PROBLEM DESCRIPTION = Begin with the first line below and retype each line exactly through the line containing "фара левая Peugeot". Any pictures are to be left out.
★ ★ ★ ★ ★
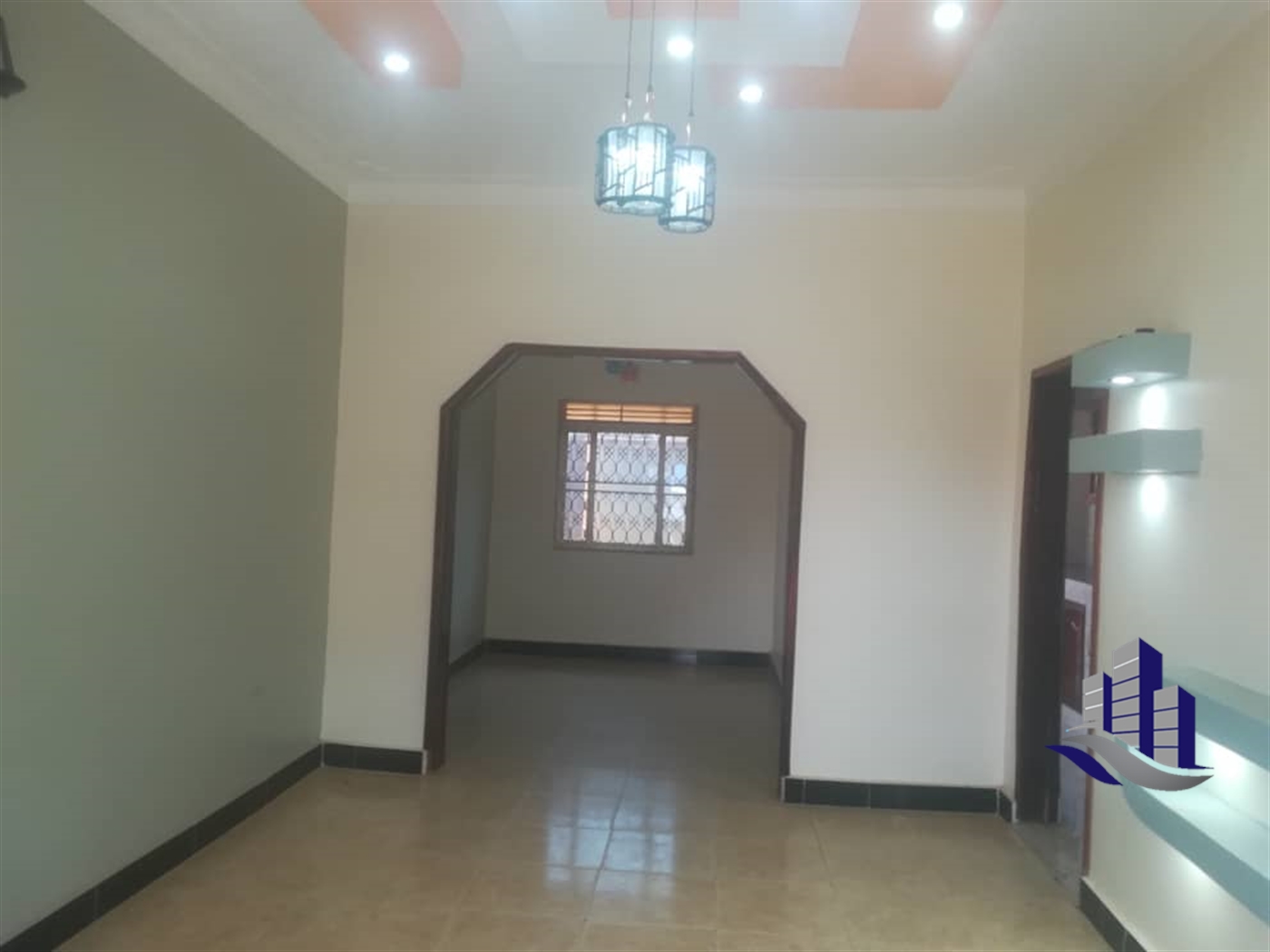 Bungalow for sale in Nansana Wakiso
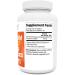 Dr. Berg's Potassium Iodide Tablets - 120ct Easy-to-Swallow Pills for Adults - Potassium Supplement - Buy Online on GoSupps.com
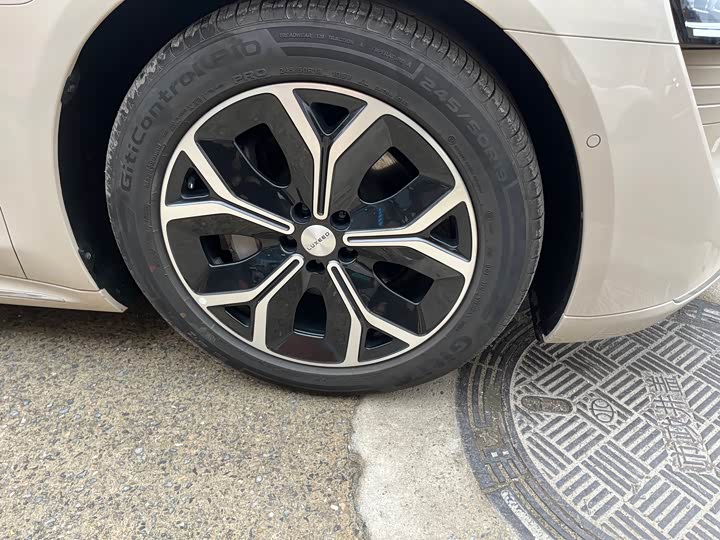 Фото 4 - Luxeed S7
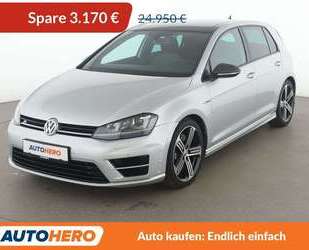 VW Golf GTI Gebrauchtwagen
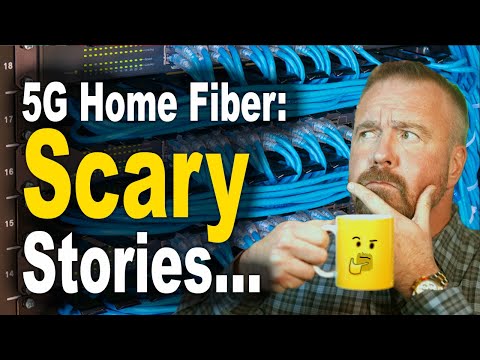 Want High Speed Fiber? Watch this First!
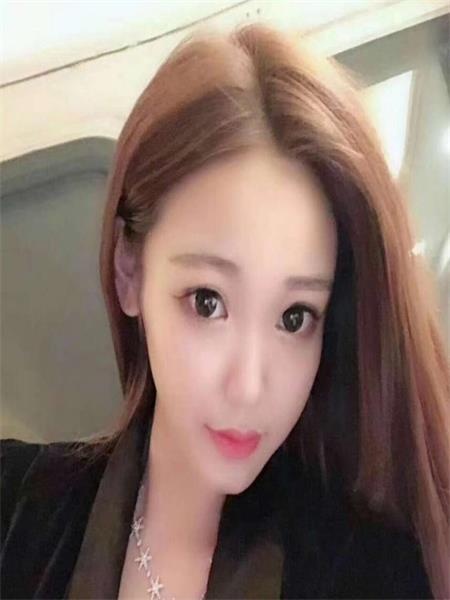 高新区妹子可儿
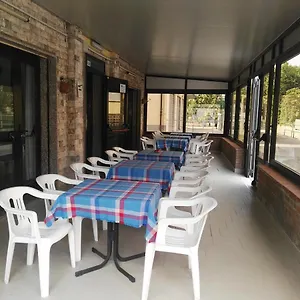 Bragozzo Hotel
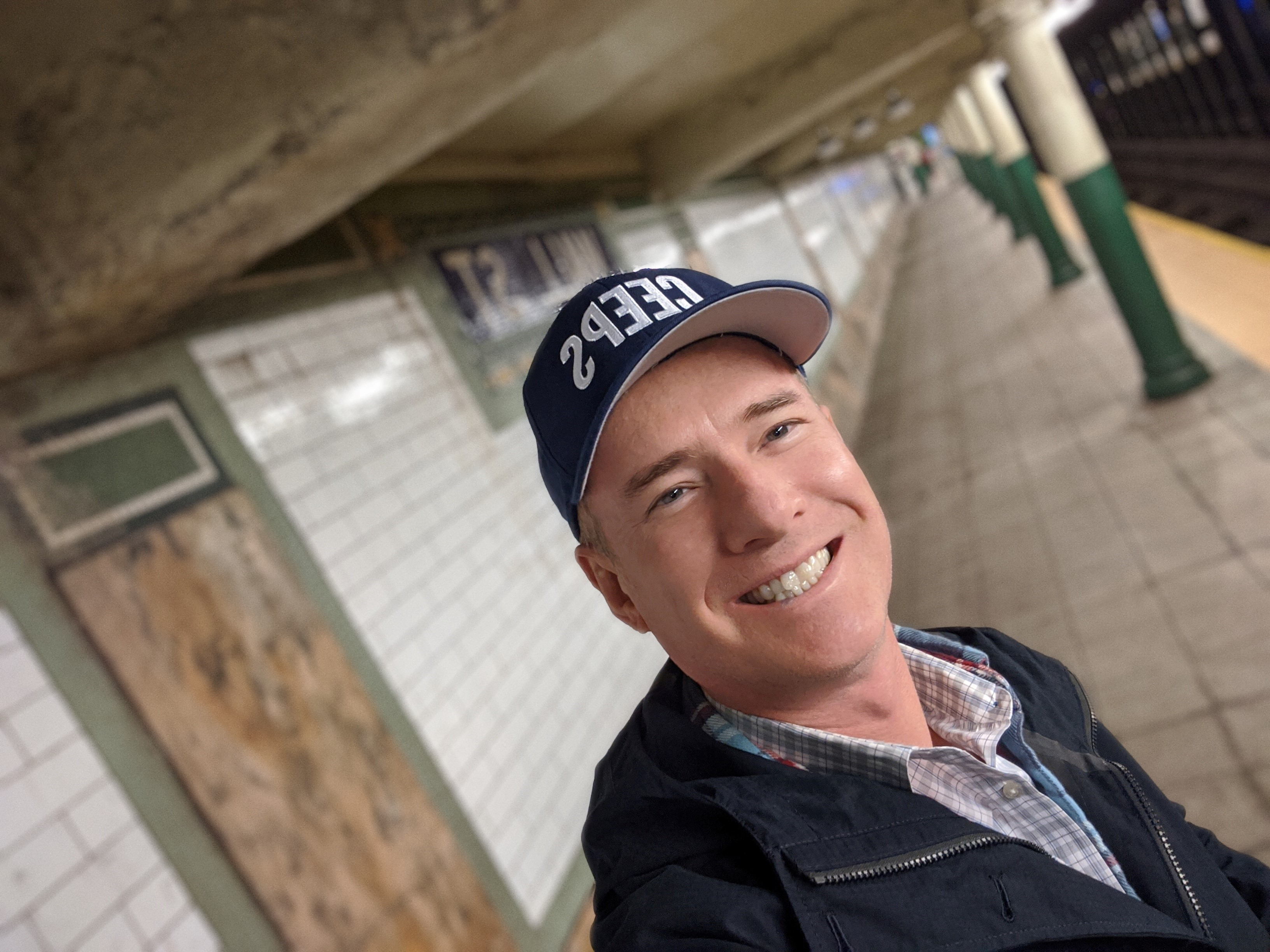 user avatar image for Mike Bracht
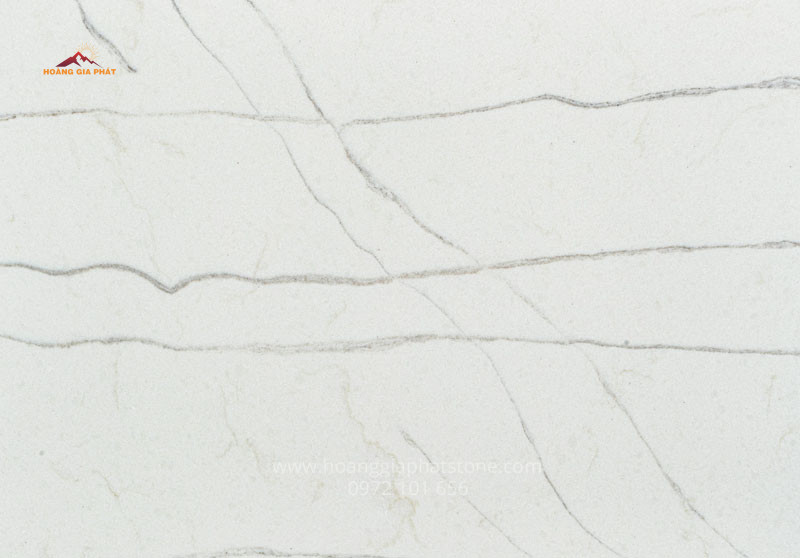 Đá Vicostone BQ8690 - Tạo Nên Từ Chất Liệu Vượt Trội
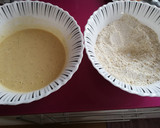 Foto del paso 1 de la receta: Muffins de avena y plátano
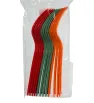 Tenedor Arplasa 12 Piezas – Plástico Resistente y Reutilizable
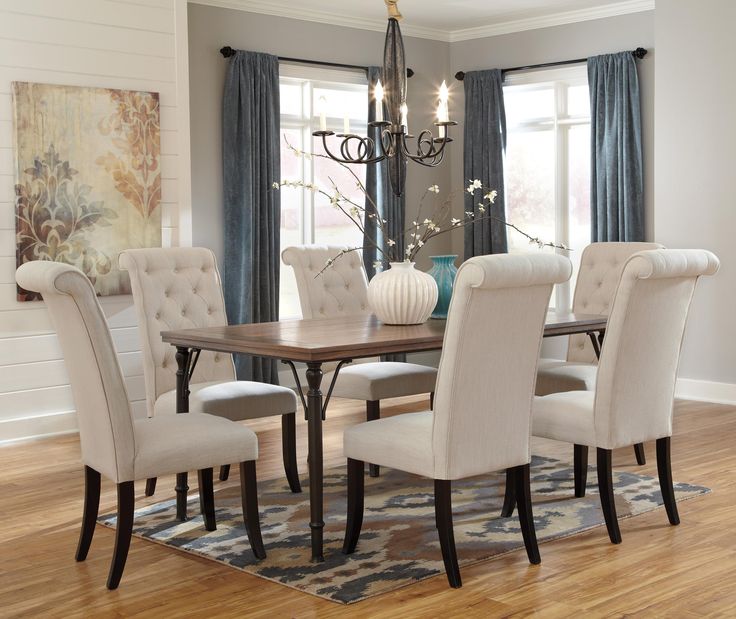 Best 25  Dining room table sets ideas on Pinterest | Dining table ...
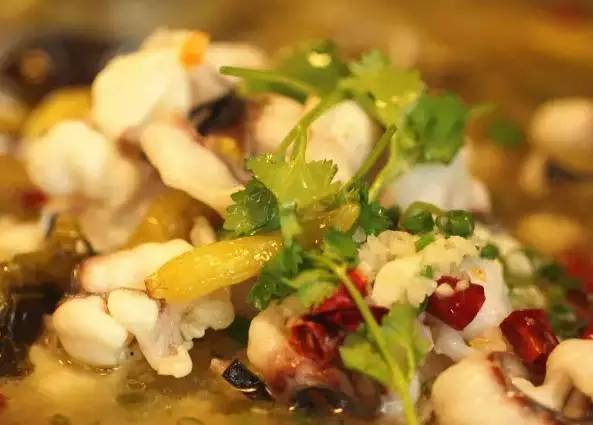 漓江小镇美食攻略,漓江当地特点美食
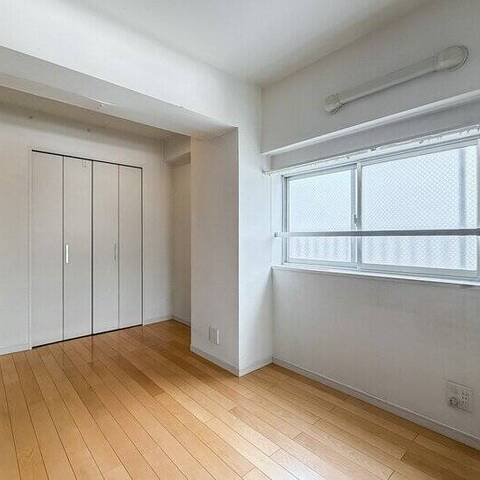 中銀東山マンシオンの室内写真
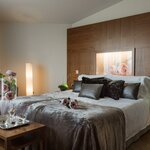 Foto di Suite Prestige Panorama 2p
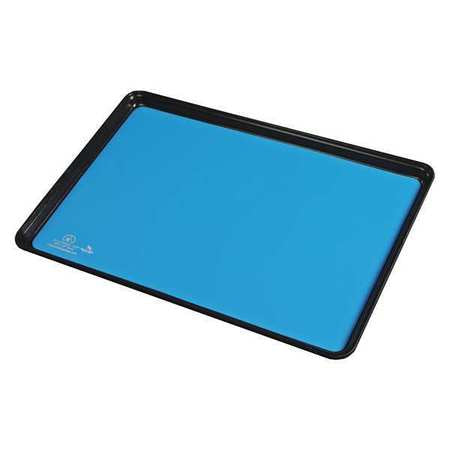 Statfree Rubber Blue Tray Liner (1 Units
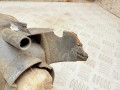 фара левая Peugeot 406 1 поколение [рестайлинг] 2003, 9630423277, 0301175001, 1305235436 - фото №6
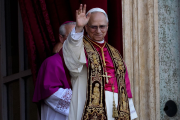 El Papa León XIV dejó claro en redes sociales su postura sobre el gobierno de Donald Trump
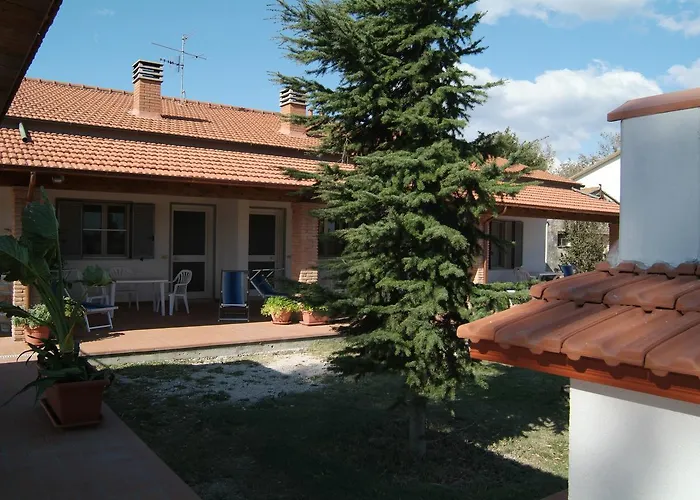 Agriturismo San Luigi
★ ★ ★ ★ ★
ANSWER FOR THIS EXERCISE =
 Bungalow for sale in Nansana Wakiso
 Dr. Berg's Potassium Iodide Tablets - 120ct Easy-to-Swallow Pills for Adults - Potassium Supplement - Buy Online on GoSupps.com
 Фото 4 - Luxeed S7
 VW Golf GTI Gebrauchtwagen
 Want High Speed Fiber? Watch this First!
 高新区妹子可儿
 Bragozzo Hotel
 user avatar image for Mike Bracht
 Đá Vicostone BQ8690 - Tạo Nên Từ Chất Liệu Vượt Trội
 Foto del paso 1 de la receta: Muffins de avena y plátano
 Tenedor Arplasa 12 Piezas – Plástico Resistente y Reutilizable
 Best 25  Dining room table sets ideas on Pinterest | Dining table ...
 漓江小镇美食攻略,漓江当地特点美食
 中銀東山マンシオンの室内写真
 Foto di Suite Prestige Panorama 2p
 Statfree Rubber Blue Tray Liner (1 Units
 фара левая Peugeot 406 1 поколение [рестайлинг] 2003, 9630423277, 0301175001, 1305235436 - фото №6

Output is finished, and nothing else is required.